**Problem details**
Among the entries that follow, locate the line with "To email the" and the line with "That is because". Output those lines and all lines in between, exactly, minus the pictures.

**Recorded data**
____
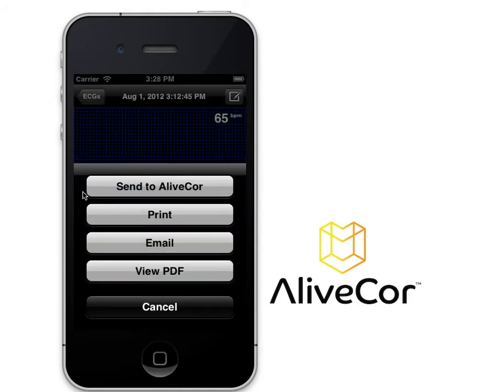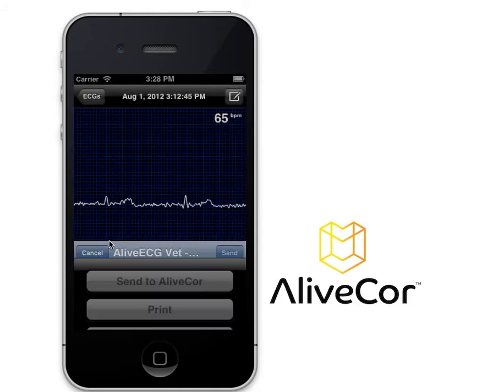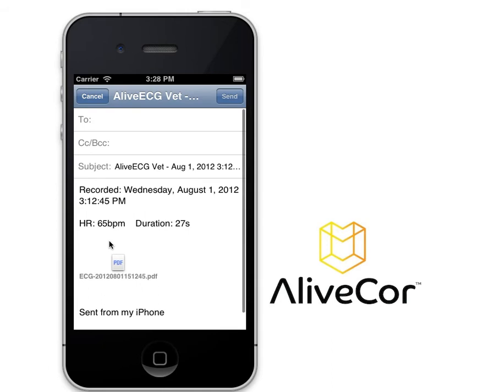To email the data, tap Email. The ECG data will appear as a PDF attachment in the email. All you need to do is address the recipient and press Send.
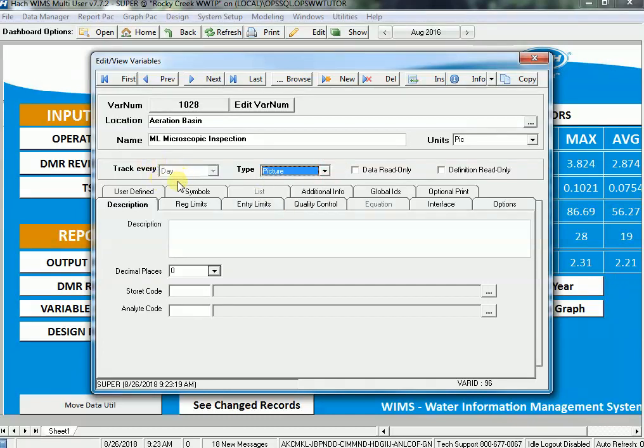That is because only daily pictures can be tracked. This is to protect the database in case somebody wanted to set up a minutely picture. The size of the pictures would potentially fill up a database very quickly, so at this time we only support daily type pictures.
____
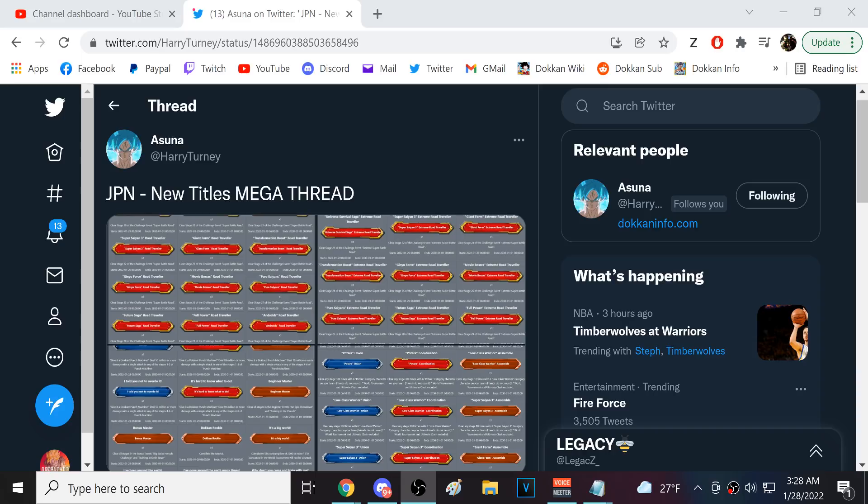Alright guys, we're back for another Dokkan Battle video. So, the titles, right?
____
**Answer area**
To email the data, tap Email. The ECG data will appear as a PDF attachment in the email. All you need to do is address the recipient and press Send.
That is because only daily pictures can be tracked. This is to protect the database in case somebody wanted to set up a minutely picture. The size of the pictures would potentially fill up a database very quickly, so at this time we only support daily type pictures.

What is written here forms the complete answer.